Additionally, we cannot say from the pleadings that this case involves a mere private wrong in which revenues were diverted from one set of doctors to another, and thus fails to demonstrate the requisite harm to the public. We assume that doctors do not all deliver identical services for identical fees. Restraints of trade and monopolization inherently involve injury to the public and competition. Almeda Mall, Inc. v. Houston Lighting & Power Co., 615 F.2d 343, 351 (5th Cir.), cert. denied, 449 U.S. 870, 101 S.Ct. 208, 66 L.Ed.2d 90 (1980).


The case is reversed and remanded for further proceedings consistent herewith.

HOLLOWAY, Circuit Judge, concurring specially:


I agree with the reversal and remand of this case. This separate statement is made merely to say that while I agree fully with that disposition and most of the majority opinion, my own conviction remains as it was stated in my separate opinion, concurring and dissenting, in Crane v. Intermountain Health Care, Inc., 637 F.2d 715, 727 (10th Cir.), as to the holding of McLain v. Real Estate Board of New Orleans, Inc., 444 U.S. 232, 100 S.Ct. 502, 62 L.Ed.2d 441.

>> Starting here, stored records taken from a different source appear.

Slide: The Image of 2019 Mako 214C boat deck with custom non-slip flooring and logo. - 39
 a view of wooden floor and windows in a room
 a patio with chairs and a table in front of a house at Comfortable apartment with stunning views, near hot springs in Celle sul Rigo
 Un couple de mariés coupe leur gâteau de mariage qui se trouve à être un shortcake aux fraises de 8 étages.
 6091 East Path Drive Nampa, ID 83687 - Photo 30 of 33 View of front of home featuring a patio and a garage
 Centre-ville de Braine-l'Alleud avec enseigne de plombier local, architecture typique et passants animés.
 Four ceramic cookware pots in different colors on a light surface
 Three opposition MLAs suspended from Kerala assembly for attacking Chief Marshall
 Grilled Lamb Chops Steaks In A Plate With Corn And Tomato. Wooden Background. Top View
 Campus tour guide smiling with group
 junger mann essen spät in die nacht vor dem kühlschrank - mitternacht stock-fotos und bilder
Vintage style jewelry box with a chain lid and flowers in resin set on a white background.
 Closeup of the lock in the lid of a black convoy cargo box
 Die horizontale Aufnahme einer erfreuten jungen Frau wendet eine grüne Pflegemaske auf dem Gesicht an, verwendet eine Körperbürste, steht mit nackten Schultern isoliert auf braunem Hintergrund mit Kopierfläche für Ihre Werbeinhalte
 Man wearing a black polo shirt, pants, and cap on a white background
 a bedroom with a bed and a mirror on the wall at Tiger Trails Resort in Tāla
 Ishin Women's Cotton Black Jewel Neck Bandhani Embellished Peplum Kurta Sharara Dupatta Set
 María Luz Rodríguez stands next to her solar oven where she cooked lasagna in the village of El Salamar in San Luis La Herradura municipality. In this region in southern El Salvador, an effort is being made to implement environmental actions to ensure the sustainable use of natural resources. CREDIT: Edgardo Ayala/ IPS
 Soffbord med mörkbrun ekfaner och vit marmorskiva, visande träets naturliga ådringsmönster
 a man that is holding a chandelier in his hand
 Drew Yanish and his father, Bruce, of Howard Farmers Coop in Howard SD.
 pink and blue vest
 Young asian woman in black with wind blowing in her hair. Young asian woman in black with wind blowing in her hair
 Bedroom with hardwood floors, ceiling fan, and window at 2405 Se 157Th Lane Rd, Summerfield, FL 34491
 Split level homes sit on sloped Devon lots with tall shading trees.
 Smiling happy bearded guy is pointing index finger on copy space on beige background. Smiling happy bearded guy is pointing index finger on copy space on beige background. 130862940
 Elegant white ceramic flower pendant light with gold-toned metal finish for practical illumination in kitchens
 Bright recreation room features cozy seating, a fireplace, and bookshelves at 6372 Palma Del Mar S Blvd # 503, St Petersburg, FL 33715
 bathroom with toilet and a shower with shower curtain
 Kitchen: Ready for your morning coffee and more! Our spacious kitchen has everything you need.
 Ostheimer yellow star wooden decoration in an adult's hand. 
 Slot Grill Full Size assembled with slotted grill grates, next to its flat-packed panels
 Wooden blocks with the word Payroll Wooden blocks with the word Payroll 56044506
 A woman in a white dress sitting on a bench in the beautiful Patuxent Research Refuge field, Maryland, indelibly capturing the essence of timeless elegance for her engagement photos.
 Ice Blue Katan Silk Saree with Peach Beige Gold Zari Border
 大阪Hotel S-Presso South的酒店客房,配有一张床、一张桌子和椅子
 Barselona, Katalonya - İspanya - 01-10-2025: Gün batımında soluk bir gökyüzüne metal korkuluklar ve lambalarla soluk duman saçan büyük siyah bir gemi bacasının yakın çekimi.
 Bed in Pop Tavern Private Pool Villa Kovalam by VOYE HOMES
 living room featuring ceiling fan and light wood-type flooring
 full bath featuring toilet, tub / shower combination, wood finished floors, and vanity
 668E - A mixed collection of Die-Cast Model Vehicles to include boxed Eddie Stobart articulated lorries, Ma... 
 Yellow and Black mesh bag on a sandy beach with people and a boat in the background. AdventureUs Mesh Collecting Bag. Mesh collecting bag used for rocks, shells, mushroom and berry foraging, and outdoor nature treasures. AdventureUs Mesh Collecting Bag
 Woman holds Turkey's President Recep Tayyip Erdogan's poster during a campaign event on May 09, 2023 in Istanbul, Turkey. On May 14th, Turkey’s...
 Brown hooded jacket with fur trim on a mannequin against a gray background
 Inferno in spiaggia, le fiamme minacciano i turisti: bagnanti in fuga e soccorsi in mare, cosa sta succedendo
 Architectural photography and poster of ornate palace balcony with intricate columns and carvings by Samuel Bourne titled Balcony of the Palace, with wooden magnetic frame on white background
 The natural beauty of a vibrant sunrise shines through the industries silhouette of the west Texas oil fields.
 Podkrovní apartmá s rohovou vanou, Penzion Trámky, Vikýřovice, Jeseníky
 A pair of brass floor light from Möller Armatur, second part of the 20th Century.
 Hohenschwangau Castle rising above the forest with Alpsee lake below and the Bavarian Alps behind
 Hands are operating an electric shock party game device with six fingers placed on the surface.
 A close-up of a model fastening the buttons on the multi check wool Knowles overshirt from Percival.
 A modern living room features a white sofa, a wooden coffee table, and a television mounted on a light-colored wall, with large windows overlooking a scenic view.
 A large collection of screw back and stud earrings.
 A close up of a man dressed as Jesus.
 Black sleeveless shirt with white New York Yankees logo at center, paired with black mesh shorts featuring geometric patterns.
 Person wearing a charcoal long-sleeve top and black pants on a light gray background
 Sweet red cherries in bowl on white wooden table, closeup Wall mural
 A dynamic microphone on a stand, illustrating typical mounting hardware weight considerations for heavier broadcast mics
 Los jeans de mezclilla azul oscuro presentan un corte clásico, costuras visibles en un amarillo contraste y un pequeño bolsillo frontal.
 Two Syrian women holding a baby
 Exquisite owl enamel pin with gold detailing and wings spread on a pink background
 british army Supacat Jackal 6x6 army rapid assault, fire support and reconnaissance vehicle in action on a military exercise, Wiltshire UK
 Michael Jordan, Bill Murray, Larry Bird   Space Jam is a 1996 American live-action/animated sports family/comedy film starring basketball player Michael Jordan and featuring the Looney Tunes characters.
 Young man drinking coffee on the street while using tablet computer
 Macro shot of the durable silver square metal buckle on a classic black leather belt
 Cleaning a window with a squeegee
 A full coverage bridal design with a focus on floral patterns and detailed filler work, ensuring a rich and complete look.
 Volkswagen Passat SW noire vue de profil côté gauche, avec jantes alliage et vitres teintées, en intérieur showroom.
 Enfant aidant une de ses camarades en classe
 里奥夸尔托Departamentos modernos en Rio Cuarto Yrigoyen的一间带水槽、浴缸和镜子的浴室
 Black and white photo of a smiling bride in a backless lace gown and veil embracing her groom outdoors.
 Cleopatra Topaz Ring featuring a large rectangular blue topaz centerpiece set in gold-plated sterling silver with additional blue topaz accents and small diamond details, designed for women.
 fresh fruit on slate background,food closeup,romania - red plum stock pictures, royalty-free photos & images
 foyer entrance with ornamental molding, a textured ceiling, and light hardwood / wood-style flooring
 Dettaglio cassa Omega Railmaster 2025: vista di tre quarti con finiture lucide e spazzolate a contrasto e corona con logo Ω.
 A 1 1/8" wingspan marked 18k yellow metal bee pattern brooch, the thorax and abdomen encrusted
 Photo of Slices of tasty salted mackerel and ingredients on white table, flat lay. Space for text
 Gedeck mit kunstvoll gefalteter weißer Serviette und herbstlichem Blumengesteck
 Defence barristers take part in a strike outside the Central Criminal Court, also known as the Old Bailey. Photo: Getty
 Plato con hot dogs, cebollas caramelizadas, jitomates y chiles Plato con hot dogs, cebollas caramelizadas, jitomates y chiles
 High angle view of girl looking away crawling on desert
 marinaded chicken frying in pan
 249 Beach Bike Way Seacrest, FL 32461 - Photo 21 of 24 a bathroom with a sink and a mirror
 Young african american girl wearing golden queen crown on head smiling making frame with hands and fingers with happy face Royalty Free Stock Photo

As there explained, I do not construe McLain as did the en banc opinion in our Crane case. For this reason, I would not focus on the defendants' "challenged activity"--apparently confined to the allegedly unlawful conduct--as the majority opinion here does and as the Crane opinion did in connection with the jurisdictional showing required. Rather, I would focus on the "defendants' activity," as the Supreme Court did explicitly in McLain, 444 U.S. at 242, 100 S.Ct. at 509, thus considering whether such activity is itself in interstate commerce or, if local in nature, whether "defendants' activity" has "an effect on some other appreciable activity demonstrably in interstate commerce," 444 U.S. at 242, 100 S.Ct. at 509, and not requiring a jurisdictional "showing that the unlawful conduct itself had an effect on interstate commerce," id. at 243, 100 S.Ct. at 509--a test explicitly rejected by the Supreme Court.


Nevertheless, while I wish to state these views clearly, I fully agree that the complaint should not have been dismissed here and realize that the majority opinion does follow and apply our en banc Crane opinion accurately.